For some reason I cannot click and drag with my right mouse button. The left mouse button can drag fine, and when I invert the settings so the left mouse button performs the functions of the right mouse button and vice versa, they both work fine, which is what really confuses me. 

Any ideas on what is wrong?


----------



## Headpred (Aug 16, 2009)

When you say "click and drag" with your right mouse button what exactly do you mean? Are you talking about high-lighting desktop items or right clicking like you want to look at properties and what not?


----------



## deeds281 (Apr 6, 2010)

Drag and drop. Where You click something, hold down the mouse button, then move whatever you were clicking. Like how you would move a folder from your desktop to the trash icon. 

Also if I hold down the right mouse button and let go, the right-click registers when I let go. And if I swipe my mouse over an icon and time the right-click just right, I can move it slightly with a split-second drag.


----------



## Headpred (Aug 16, 2009)

If your mouse is set-up in default settings your left click is used for drag and drop. Your right click is set-up to show you properties and give you options such as explore and open. The only time you could really highlight something is if you were on your desktop you could use it to highlight multiple icons. It seems like your mouse is working as it is supposed to. Or perhaps...I am not completely understanding your problem.


----------



## deeds281 (Apr 6, 2010)

I should be able to drag and drop with the right-mouse button too. When you move a file or folder with the right button instead of the left, a dialog box appears asking if you want to copy, move, create shortcut, etc. 

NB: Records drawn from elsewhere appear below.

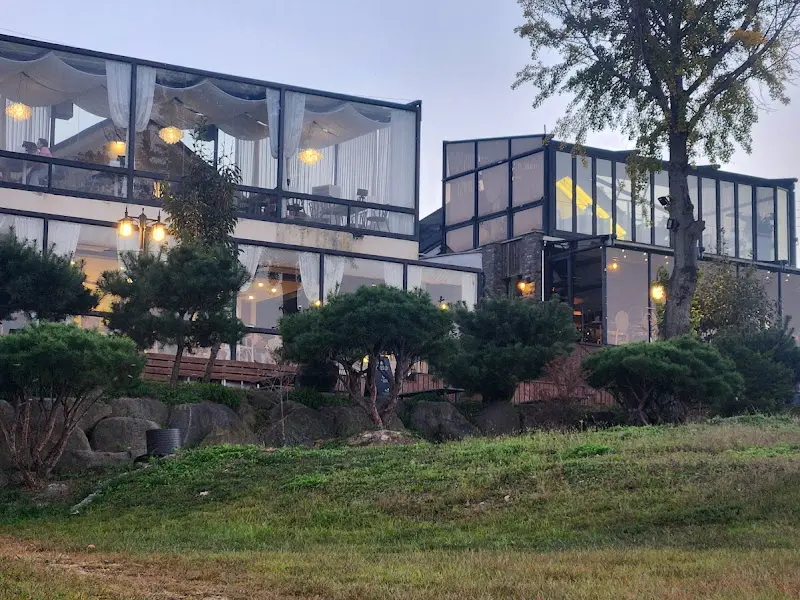 팡시온 건물 전경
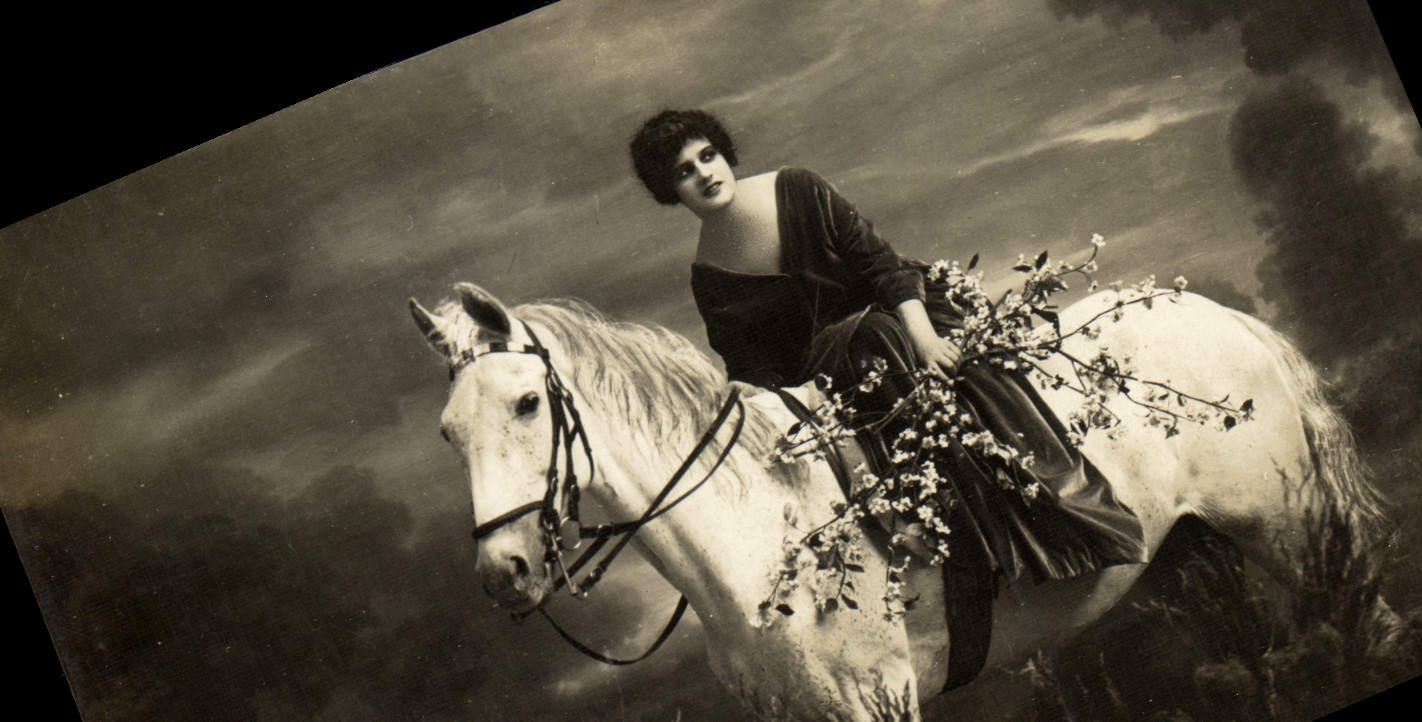 CPA Fantaisie Femme Cheval
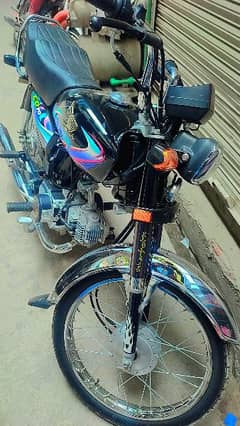 Honda 70c new Bick colour black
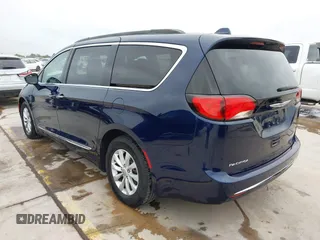 2017 Chrysler Pacifica Touring L with VIN 2C4RC1BG2HR526422, listed as a IAAI auction lot 42032839 with 180,710 mi miles and . Bid and sale history available at DreamBid. Image 3.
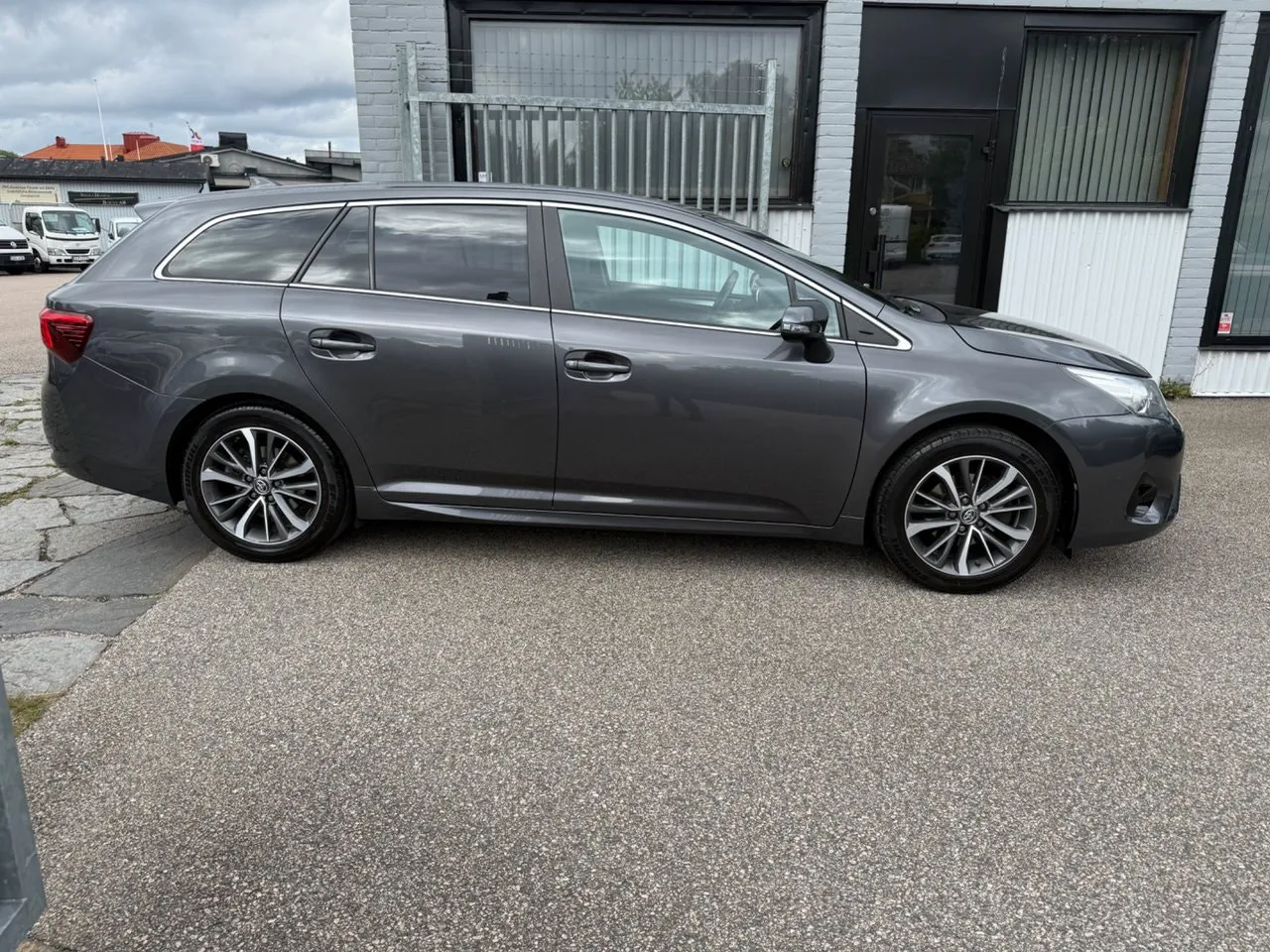 Vehicle image 9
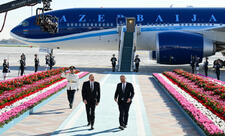 Prezident İlham Əliyev Özbəkistana səfərə gəlib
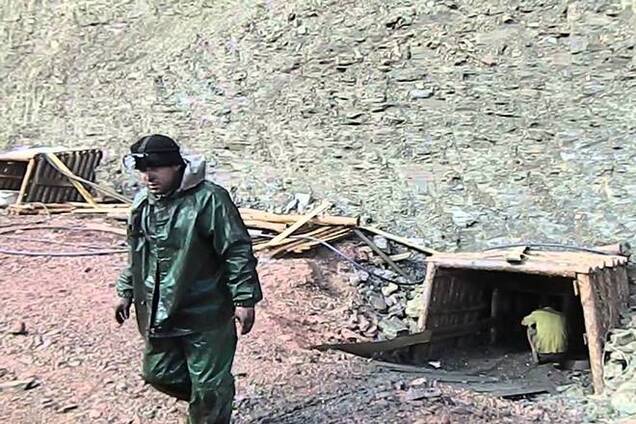 На Донетчине спасли четверых из шести горняков, потерявшихся в копанке, еще один погиб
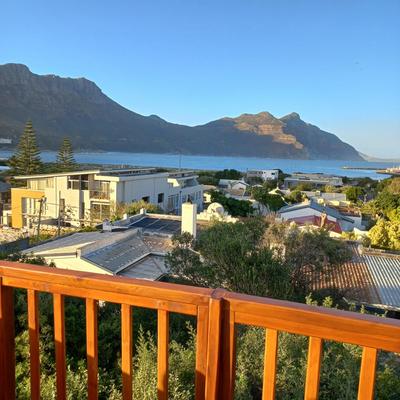 Apartment / Flat For Rent in Hout Bay Central, Hout Bay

Mostly it matters in games, because I can't aim down the site of a gun by holding the right button down, and I have to use the buttons on the side of the mouse instead, which can get annoying.


----------



## gcavan (Aug 13, 2009)

> I should be able to drag and drop with the right-mouse button too


Only if you have the mouse configured for left hand use.



> in games . . . I can't aim . . .by holding the right button down, and I have to use the buttons on the side of the mouse instead


Configure this within the options menu of the game.


----------